WHAT IS NEEDED>
Output only the lines that run from the line holding "Women's I Have" to the end of the data below, including both ends, without any pictures.

INPUT DATA>

*** Block opens ***

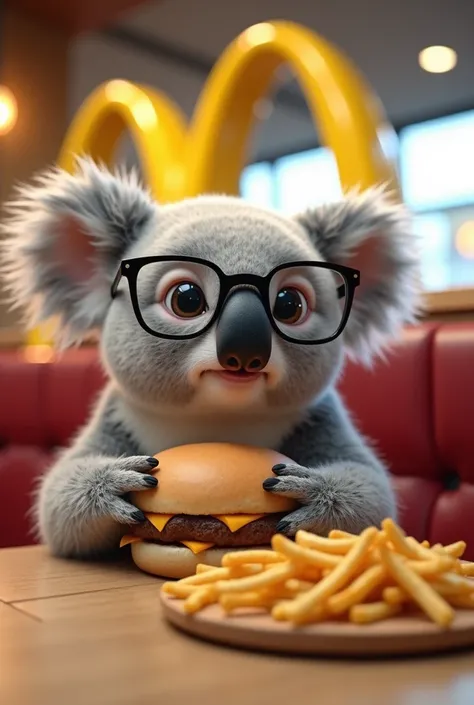 Koala with glasses eating Mc Fries and a hamburger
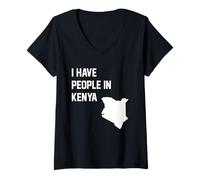 Women's I Have People in Kenya V-Neck T-Shirt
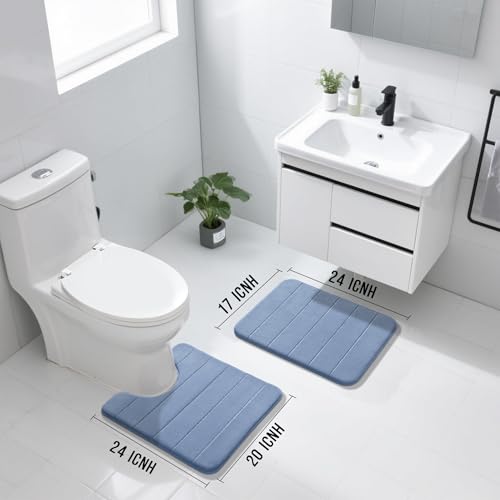 Image of Yimobra U-Shaped Toilet Bath Mat Set 2 Piece - Soft Absorbent Quick Dry Memory Foam Bathroom Rugs, Machine Washable Non Slip Floor Carpet for Tub Shower & Single Sink (17x24 & 24x20, Denim Blue)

*** Block closes ***

COMPLETED EXERCISE>
 Women's I Have People in Kenya V-Neck T-Shirt
 Image of Yimobra U-Shaped Toilet Bath Mat Set 2 Piece - Soft Absorbent Quick Dry Memory Foam Bathroom Rugs, Machine Washable Non Slip Floor Carpet for Tub Shower & Single Sink (17x24 & 24x20, Denim Blue)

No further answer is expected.